Single by the Struts

from the album Young & Dangerous
- Released: 15 June 2018
- Genre: Glam punk
- Length: 2:58
- Label: Interscope
- Songwriters: Lauren Christy; Jon Levine; Adam Slack; Luke Spiller;
- Producers: Christy; Levine;

The Struts singles chronology
| "One Night Only" (2017) | "Body Talks" (2018) | "Primadonna Like Me" (2018) |

Music video
- "Body Talks" on YouTube

= Body Talks =

2018 single by The Struts

"Body Talks" is a song by English glam rock band the Struts. It was released as the first single from their second studio album, Young & Dangerous. It was originally released on 15 June 2018 as the lead single from their album and was later re-released as a duet with American singer-songwriter Kesha on 29 June. Both the solo and duet versions are included as the first and thirteenth track respectively on the Struts' album. The song was written by band members Luke Spiller and Adam Slack with producers Lauren Christy and John Levine.

==Background==
Lead singer, Luke Spiller discussed the background of the song in an interview on the Elvis Duran Show: "[Kesha] is a real rock and roller at heart really. When you talk to her about her music and stuff, she loves the Stones. She loves a lot of great British bands.

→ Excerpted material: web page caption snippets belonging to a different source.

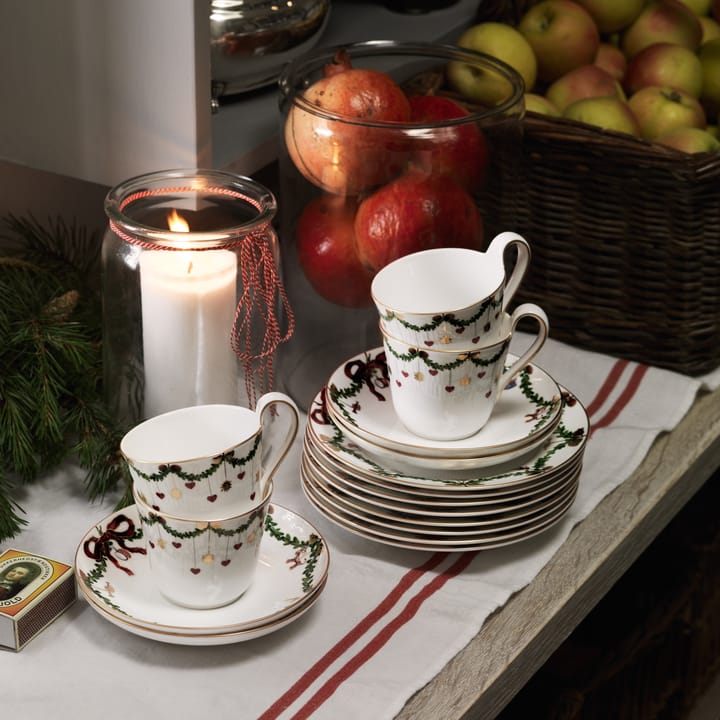 Star Fluted Christmas lautanen, Ø 19 cm Royal Copenhagen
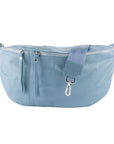 lepelou - leder - Bauchtasche - XXL Bauchtasche CLARA blau - LPBCLABLAE2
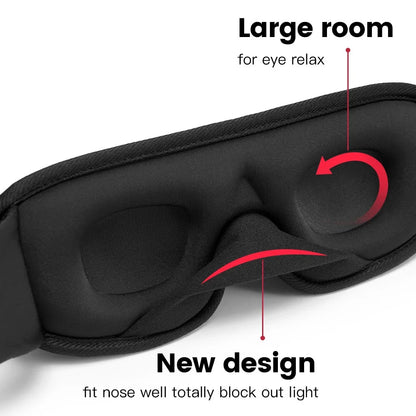 3D Sleep Mask - Total Blackout, No Pressure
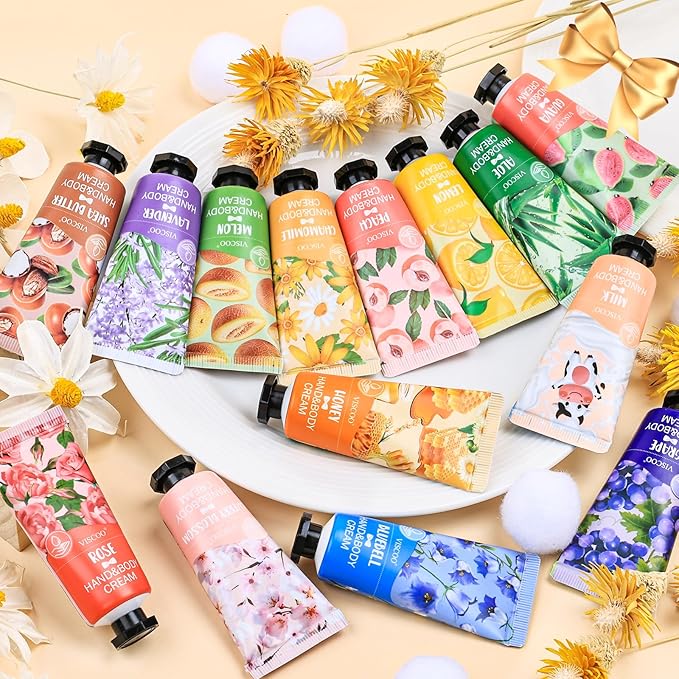 252 Pack Hand Cream Gifts Set for Women, Valentines Day Gifts for Her, Birthday Gifts for Women, Teacher Appreciation, Mini Moisturizing Hand Lotion Travel Size in Bulk for Dry Cracked Hands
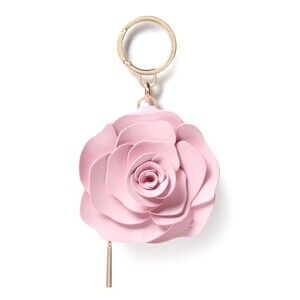 New Kate Spade Flora Flower Bag Charm Pink Horizon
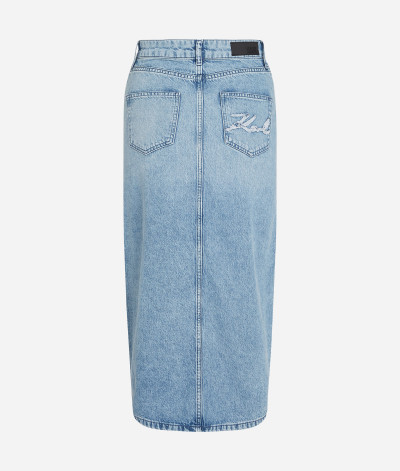 SUKŇA KARL LAGERFELD MAXI DENIM SKIRT - Fotografia č. 14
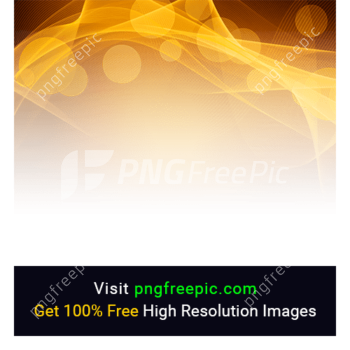 Abstract Modern Glowing Gold Wave PNG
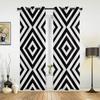 Modern Window Curtains for Living Room Abstract Geometric White Black Curtains for Child Bedroom Kitchen Decor Blinds Drapes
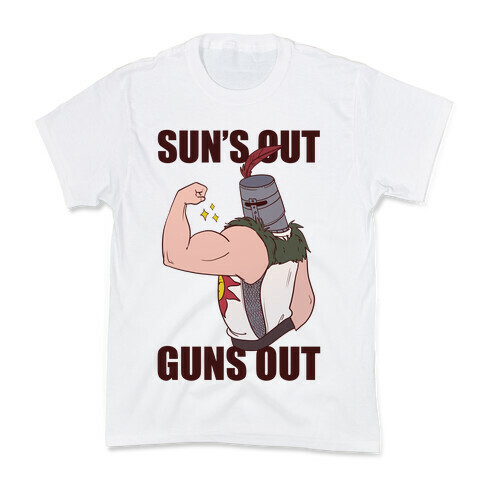 Sun's Out, Guns Out - Solaire  Kids T-Shirt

So I think we naturally connected and she heard the song and that was it really."

Kesha also talked about the Struts and the song in a statement to Rolling Stone."They are one of my favorite current bands keeping the spirit of classic rock and roll alive with their wild energy and sexy style. It’s a song about my favorite activity: boogieing."

==Music video==
The music video for the Kesha duet was released on 28 August 2018. The video features the band playing the song while Spiller dances around a red backdrop with a cane and Kesha sits on a gold throne, shouting through a megaphone. The duo utilize a number of randomly painted props, including bananas, pyramids, roosters, cherries, skulls, ice cream cones and lollipops.
The music video for the non-duet version features the band in London on tour.

==Commercial performance==
The solo version of the song peaked at No. 12 on the Billboard US Alternative, #33 on Billboard US Mainstream Rock and #15 on the Billboard Hot Rock Songs.

==Live performances==
The Struts and Kesha performed the song together for the first time on The Tonight Show Starring Jimmy Fallon on 15 November 2018.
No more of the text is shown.